While much has changed, there are some very interesting parallels! Out of curiosity, I wondered how such a comparison might apply to the Food and Drug Administration.

In the 1920s, FDA had a small staff of scientists (mostly chemists) and a small staff of investigators. Its job was to enforce The Pure Food and Drug Act of 1906, which focused the agency solely on adulteration of food and drugs in interstate commerce. It’s job was wholly reactive.

Arrayed against the agency was a largely unregulated marketplace in food and drugs (some states had good laws, but those only extended to their borders). This was still the era of patent medicines with unknown ingredients and outlandish claims about therapeutic benefit. It was also an era in which food and cosmetics were often mixed with dubious compounds — leading to widespread illness from foods and disfigurement and blindness from cosmetics.

At that time, interstate commerce was narrowly defined, so the agency had to be able to document not only product adulteration, but also that goods had crossed state lines. There were no standards of identity to work from in judging adulteration. Outright fraud and willful disregard of public safety were common in the marketplace. Also, method of analysis was primitive — often FDA staffers and volunteers would ingest the food or drug to see if it caused harm.
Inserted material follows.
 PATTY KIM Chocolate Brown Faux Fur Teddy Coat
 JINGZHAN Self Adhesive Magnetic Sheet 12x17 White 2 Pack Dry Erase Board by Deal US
With regard to FDA, the parallels to our own time turn out to be quite weak. While fraud still exists, it is a relatively minor part of the FDA’s work. Adulteration is still an important component of FDA’s mission, but it is mostly subsumed under the safety requirements for food and drugs that became law in 1938.  The strongest similarity is the focus on enforcement — then the entire budget of the FDA and now about half of the budget authority appropriation. Even there, a major difference is the shift from domestic to global commerce.

What is striking is how much more sophisticated the food and drug world has become in 90 years and how much FDA has grown — in mission and size — to be able to stay ahead. Prevention of food safety problems is now a priority. Regulatory science is a target for investment.  Drugs are now evaluated, pre-market, for safety and efficacy. Unknown in the earlier era were vaccines, drugs that actually work, biologics, packaged foods, mechanical refrigeration, and so on.

The FDA of today is built upon the agency of the past, but it has become much broader and vastly more sophisticated. The FDA is now vital — in a way it wasn’t 90 years ago — to both commerce and our nation’s health and well-being.